**Work required:** Search the listing below for the string "surgery" and show each line that contains it.

START Entries shown

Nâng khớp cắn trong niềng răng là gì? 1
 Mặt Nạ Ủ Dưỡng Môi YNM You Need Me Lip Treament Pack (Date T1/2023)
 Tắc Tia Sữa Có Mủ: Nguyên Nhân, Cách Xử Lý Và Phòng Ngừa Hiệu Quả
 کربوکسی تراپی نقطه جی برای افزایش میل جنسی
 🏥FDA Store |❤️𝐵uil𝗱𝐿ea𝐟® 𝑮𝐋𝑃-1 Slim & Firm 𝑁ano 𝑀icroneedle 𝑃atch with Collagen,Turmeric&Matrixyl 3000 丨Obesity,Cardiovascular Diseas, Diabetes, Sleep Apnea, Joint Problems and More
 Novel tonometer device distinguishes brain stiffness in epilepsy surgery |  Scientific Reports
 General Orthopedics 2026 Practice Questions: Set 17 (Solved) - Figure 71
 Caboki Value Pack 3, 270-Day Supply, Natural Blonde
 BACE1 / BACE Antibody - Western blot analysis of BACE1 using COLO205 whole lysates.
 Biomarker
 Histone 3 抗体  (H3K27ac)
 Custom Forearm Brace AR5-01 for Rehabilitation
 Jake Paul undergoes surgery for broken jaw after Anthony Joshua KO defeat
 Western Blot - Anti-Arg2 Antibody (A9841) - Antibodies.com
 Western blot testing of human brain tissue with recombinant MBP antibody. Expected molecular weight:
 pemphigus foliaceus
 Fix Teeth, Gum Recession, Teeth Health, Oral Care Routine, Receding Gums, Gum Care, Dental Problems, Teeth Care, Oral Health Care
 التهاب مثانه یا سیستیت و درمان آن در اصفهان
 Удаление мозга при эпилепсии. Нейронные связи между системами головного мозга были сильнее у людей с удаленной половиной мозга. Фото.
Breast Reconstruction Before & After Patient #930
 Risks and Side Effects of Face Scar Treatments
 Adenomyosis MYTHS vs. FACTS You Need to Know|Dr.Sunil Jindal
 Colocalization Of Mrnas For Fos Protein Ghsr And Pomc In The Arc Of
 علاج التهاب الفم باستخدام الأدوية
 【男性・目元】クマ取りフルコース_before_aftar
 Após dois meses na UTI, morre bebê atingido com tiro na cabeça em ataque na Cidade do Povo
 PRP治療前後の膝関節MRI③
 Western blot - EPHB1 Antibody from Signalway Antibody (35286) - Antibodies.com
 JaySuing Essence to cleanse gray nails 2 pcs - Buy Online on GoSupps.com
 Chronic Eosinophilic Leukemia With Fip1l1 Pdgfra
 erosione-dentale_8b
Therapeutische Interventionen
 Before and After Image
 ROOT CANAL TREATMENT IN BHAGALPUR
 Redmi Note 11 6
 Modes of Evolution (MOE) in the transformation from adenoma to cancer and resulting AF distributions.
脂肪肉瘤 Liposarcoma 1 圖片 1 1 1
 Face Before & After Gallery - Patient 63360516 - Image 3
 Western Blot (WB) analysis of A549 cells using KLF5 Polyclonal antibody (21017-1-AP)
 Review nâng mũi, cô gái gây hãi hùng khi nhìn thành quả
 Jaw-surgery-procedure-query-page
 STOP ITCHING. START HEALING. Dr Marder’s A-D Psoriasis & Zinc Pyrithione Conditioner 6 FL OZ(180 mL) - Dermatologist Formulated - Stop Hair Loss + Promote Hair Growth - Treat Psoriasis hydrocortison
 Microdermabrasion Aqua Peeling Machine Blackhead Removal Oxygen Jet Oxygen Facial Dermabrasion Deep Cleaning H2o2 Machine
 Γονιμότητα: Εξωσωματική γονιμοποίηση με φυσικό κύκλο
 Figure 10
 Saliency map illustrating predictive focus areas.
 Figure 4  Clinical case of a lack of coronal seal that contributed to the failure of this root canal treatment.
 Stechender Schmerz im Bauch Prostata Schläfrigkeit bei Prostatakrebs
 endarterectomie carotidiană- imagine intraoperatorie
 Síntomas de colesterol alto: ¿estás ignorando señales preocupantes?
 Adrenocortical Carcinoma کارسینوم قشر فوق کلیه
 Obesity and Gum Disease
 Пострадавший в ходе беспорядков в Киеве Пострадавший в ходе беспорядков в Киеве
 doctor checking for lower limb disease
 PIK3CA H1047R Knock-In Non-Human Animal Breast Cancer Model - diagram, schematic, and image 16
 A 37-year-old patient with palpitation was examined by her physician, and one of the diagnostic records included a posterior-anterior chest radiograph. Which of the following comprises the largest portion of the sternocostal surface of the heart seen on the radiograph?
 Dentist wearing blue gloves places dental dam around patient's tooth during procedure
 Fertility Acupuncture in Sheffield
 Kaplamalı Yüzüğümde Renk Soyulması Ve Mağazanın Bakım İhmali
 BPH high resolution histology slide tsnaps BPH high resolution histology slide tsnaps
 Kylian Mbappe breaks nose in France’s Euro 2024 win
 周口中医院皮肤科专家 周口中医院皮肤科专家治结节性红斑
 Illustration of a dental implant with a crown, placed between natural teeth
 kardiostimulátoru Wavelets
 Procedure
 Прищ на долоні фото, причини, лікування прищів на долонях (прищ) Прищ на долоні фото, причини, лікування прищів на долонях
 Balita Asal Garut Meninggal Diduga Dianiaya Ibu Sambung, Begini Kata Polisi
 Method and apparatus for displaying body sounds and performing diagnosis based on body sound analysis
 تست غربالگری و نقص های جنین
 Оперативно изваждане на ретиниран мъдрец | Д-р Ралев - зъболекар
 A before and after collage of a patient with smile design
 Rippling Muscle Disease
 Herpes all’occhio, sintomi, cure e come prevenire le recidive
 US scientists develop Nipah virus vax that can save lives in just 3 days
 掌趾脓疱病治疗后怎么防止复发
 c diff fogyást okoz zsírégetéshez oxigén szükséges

END Entries shown

**Your solution:**
 Novel tonometer device distinguishes brain stiffness in epilepsy surgery |  Scientific Reports
 Jake Paul undergoes surgery for broken jaw after Anthony Joshua KO defeat
 Jaw-surgery-procedure-query-page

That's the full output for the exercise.